**Problem to work on:**
The answer must consist solely of the lines from the line with "Two men in white" to the end of the data below, transcribed exactly and with no pictures.

**Data:**
□ □ □ □

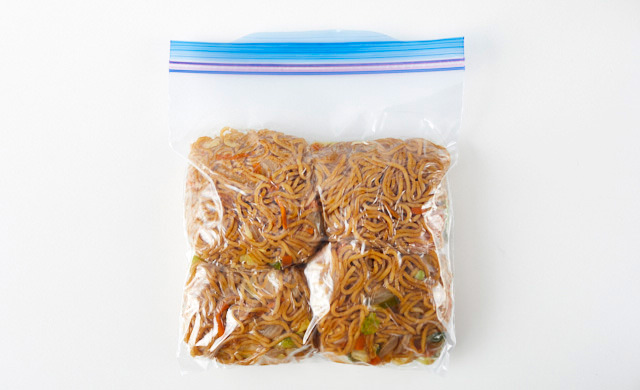焼きそばを冷凍用保存袋に入れている写真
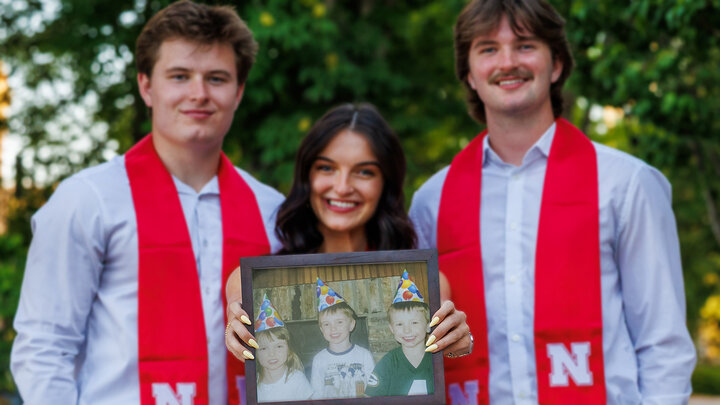 Two men in white button-ups smile next to a brunette woman holding a childhood photo of all of them in party hats.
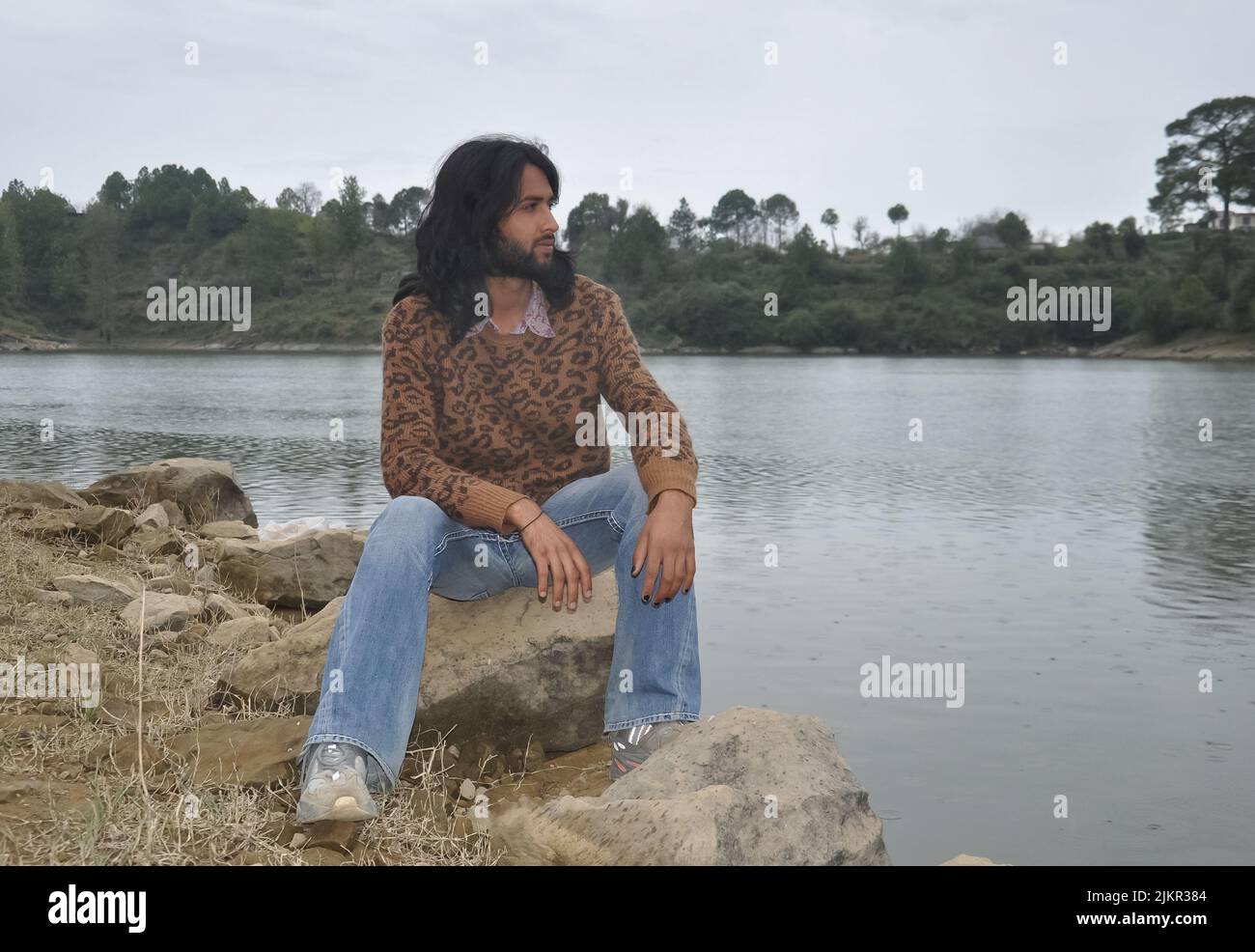 Un hombre joven de buena apariencia con pelo largo y barba mirando de lado mientras está sentado en piedra junto al lago Foto de stock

□ □ □ □

**Your solution:**
 Two men in white button-ups smile next to a brunette woman holding a childhood photo of all of them in party hats.
 Un hombre joven de buena apariencia con pelo largo y barba mirando de lado mientras está sentado en piedra junto al lago Foto de stock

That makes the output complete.